No sólo eso, los aspirantes a oficial de Fórmula Uno deben certificarse tomando entrenamientos de varios tipos y dependiendo la función que quieran realizar en la pista, desde la forma correcta de agitar las banderas, pasando por la forma más rápida y segura de atender choques y remover el coche hasta los puestos altos que serían los comisarios –los que toman las decisiones durante la carrera. Todo esto se complementa con la parte práctica que consiste en ser oficial como mínimo durante 12 días (cuatro carreras) durante el año calendario del Gran Premio en el que se quiere participar y 15 días requeridos para la certificación. En varios casos, además se debe pertenecer a alguna asociación de oficiales de pista; no investigué si se requiere pagar cuotas, pero seguramente es el caso.
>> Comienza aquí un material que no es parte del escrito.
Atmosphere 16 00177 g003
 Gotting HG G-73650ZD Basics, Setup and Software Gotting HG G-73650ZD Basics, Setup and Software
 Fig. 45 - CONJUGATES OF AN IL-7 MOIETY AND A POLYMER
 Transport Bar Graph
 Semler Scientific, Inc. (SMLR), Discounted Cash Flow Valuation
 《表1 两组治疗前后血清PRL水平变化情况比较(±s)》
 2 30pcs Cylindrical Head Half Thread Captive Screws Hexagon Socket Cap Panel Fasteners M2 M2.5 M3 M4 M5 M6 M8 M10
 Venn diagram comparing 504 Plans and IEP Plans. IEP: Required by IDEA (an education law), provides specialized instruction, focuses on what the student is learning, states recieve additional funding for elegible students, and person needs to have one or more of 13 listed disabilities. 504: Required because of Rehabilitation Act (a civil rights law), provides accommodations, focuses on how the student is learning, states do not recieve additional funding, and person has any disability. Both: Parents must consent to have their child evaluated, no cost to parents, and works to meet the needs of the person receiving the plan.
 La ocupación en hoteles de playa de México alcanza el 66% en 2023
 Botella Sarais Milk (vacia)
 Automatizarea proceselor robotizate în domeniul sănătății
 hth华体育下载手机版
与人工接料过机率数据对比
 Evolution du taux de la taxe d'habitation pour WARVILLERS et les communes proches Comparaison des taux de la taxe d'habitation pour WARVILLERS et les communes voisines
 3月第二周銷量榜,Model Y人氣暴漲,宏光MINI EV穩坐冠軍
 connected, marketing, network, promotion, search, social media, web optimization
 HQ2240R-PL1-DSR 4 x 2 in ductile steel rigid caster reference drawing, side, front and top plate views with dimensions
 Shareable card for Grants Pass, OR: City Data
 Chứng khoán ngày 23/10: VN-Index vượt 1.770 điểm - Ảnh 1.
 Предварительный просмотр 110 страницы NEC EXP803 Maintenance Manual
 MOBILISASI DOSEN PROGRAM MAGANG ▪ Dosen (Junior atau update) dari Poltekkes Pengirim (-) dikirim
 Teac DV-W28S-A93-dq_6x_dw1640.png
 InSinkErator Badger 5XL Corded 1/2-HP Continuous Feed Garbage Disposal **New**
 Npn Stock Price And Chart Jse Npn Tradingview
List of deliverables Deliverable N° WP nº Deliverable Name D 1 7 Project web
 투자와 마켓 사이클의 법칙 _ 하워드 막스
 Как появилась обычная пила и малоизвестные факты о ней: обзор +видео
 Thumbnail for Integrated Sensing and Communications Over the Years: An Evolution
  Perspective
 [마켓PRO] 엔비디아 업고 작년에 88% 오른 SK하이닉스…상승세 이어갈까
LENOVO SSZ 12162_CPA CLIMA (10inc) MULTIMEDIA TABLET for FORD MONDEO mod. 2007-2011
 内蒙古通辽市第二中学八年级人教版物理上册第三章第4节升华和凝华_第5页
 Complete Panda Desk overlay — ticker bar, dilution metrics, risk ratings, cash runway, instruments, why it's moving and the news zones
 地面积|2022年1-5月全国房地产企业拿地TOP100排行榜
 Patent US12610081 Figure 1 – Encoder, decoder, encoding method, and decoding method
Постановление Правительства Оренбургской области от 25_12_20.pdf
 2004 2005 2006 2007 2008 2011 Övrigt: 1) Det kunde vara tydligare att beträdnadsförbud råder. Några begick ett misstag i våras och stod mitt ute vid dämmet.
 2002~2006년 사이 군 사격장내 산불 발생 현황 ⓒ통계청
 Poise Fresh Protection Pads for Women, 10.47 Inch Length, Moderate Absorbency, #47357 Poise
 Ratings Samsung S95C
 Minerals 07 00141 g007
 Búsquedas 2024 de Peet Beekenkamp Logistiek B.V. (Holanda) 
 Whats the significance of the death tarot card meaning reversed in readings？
El problema de profesionalizarlo es que la Fórmula Uno cuenta con los recursos para hacerlo y tal vez un par de categorías más, pero ¿qué se hará con las miles de categorías que corren semanalmente en todos los países? Aquí no es como el soccer donde necesitas entre uno y tres árbitros nada más –por eso cualquier liga de soccer cobra el arbitraje y son profesionales– sino que requieres a mínimo de un puesto de tres oficiales cada 500 metros de trazado –o en casos de ciertas series la distancia se reduce– y antes y después de cada curva más los de entrada y salida de los fosos, por lo que necesita unos 30 o 40 para un circuito chico de un par de kilómetros y los puestos deben ser de más oficiales si hay muchos autos en la pista. Mientras que el modelo sería sustentable en la F1 –aunque Ecclestone no querrá tener menos ingresos– no lo es para las demás series. Es por esto que mucha gente no ve la necesidad de ser oficial de pista y por ende, en los países con menos cultura de deporte motor, es necesario importar hasta los bandereros porque no hay suficientes voluntarios.

Lo ideal sería tener un cuerpo de 200 oficiales de pista –por poner un ejemplo- pagados por la F1 en cada carrera. Estos serían rotados durante el año y los consideraríamos similares a los árbitros con gafete FIFA de tal manera que todos los voluntarios de semana a semana y series inferiores tengan un objetivo claro donde vean recompensado –y valorado– el esfuerzo y tiempo invertidos durante el resto del año.